Since Mrs. Chappellsmith knew for what purpose I solicited information in regard to her life, I do not think that it will be out of place to quote directly from her own interesting letter.

"I lectured in many parts of London and its environs, in the chief cities in the midland and northern parts of England, and in Scotland, in the neighboring manufacturing districts, and in other places. My lectures were on—

"'Competition and Co-operation.'

"'The Formation of Character.'

"'Education of Women.'

"'The Commercial Condition and Prospects of England'

"'Money—and the Evils of Paper Money in Competitive Society.'

"'Owen at New Lanark.'

"Four lectures 'On the Character, Political Principles, and Writings, of William Cobbett.'

"'My Reasons why I, having been a Calvinist, have Become an Infidel.'

"'The Character of the Priesthood as Given by Themselves.'

"Five lectures 'On the Protestant Reformation,'

"'Marriage, and the Propriety of Divorce when the Marriage is Productive of Misery.'

"In this last-mentioned lecture I urged that a state of society be instituted in which youth and maiden should be better educated than they now are, so that both may better understand themselves and what is requisite to their happiness in their intended partners in marriage; in which they should be educated for marriage, and have more direct moral education than they now have; in which they should be taught that the one enduring, wisely and virtuously formed marriage would produce the greatest amount of happiness that could arise from any union of man and woman; and in which the young people, being brought up together as members of one family, would have sufficient opportunity of knowing each other's characters before marriage.

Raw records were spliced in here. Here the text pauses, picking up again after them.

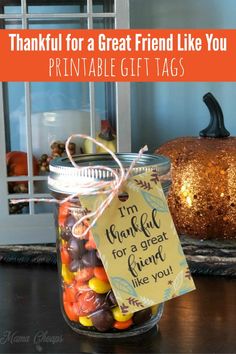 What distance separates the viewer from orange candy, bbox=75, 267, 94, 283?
0.53 metres

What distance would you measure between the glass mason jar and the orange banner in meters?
0.36

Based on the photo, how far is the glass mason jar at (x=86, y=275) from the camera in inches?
20.8

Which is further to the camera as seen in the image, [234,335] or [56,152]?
[56,152]

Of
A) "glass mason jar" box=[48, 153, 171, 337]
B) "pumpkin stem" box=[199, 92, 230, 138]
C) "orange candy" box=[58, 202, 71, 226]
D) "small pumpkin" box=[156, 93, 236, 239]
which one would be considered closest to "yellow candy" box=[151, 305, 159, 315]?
"glass mason jar" box=[48, 153, 171, 337]

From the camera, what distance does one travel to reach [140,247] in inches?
20.7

"I lectured on some other subjects, but in all I showed the evils of the existing state of society, and endeavored to create a public feeling in favor of Co-operation and Communism. I frequently took part in public discussions on religion, taking the Infidel side; and spoke at public meetings against Freetrade lecturers, showing that Freetrade would not, as these lecturers said, remove or mitigate the misery that always abounds in rich England.

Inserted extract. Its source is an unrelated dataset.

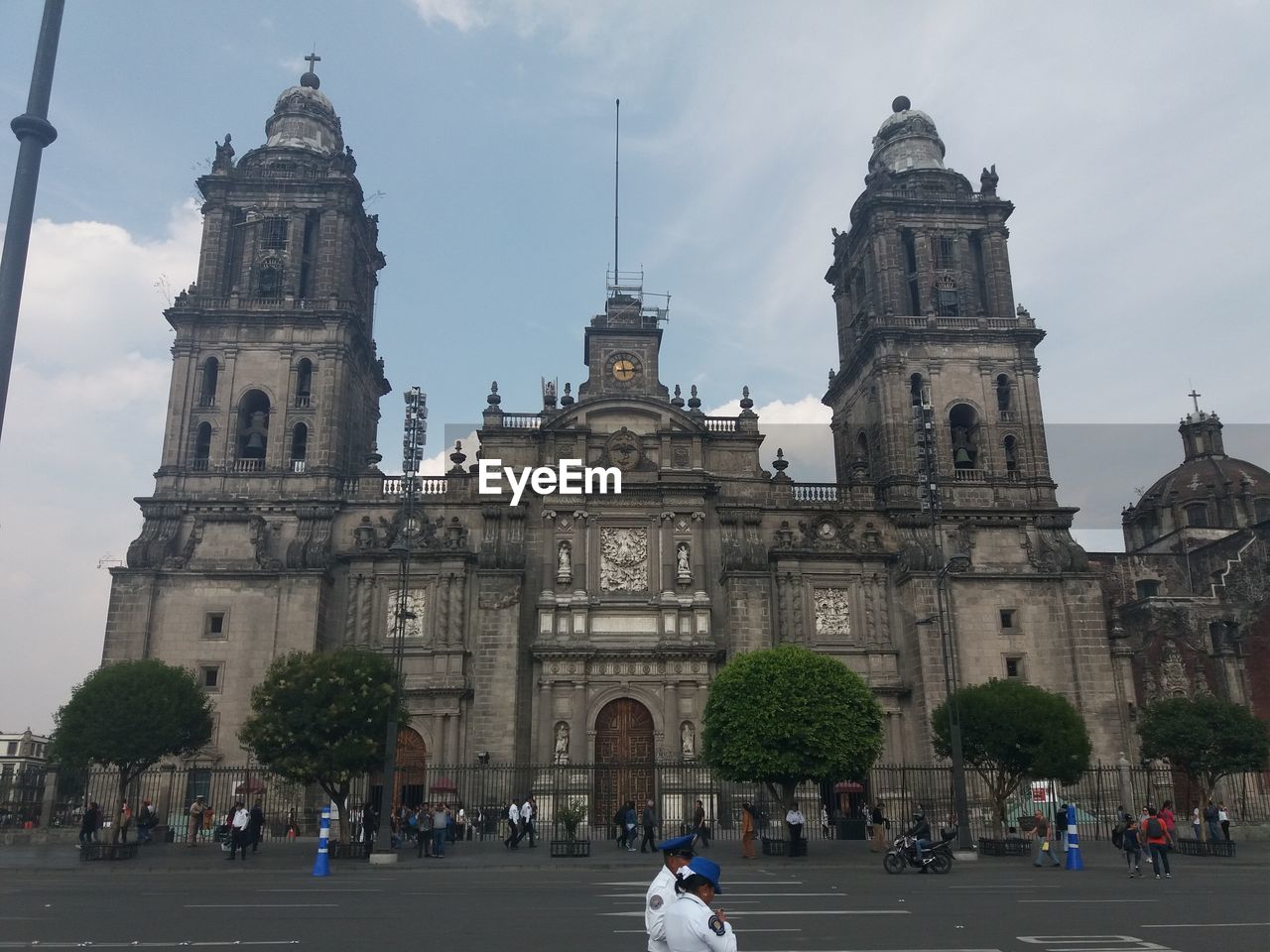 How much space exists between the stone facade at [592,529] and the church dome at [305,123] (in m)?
1.16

"I am not, and never was, fond of a public life; I yielded to the request of friends, who said that I ought to say to the public what I was in the habit of saying in my father's shop. William Cobbett's intimate friends requested me, and Robert Owen urged me, to lecture; and after I commenced, invitation after invitation came, and so I went on; but at last my husband and myself commenced bookselling, and soon I was compelled to decline all other invitations to lecture."

We are not told when or why the Chappellsmiths came to America, nor whether they have ever lived anywhere in the New World save in Indiana; but we can guess that after the breaking up of "the English Brook Farm," as Conway appropriately names the community at Broughton, these enthusiastic believers in a possible and successful Socialism would naturally look to the younger, freer country as the proper field for its realization; and, fresh from association with Owen and with Harmony Hall, what place would be so likely to attract them as Owen's New-World experiment with human nature—New Harmony, Indiana? There, for many years, Mr. and Mrs. Chappellsmith have made their home, and there they still continue to reside.

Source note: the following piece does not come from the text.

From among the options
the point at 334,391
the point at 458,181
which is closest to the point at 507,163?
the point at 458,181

Both still find time to write on those topics of most engrossing interest to them, and to which they have devoted the greater part and the best energies of their lives—Freethought and Labor-reform.

Mrs. Chappellsmith is now publishing a series of papers on "The Historic Value of the Gospels"—papers which indicate great research and patient study, and which will, if issued in book form, be extremely valuable for reference and authority on that subject.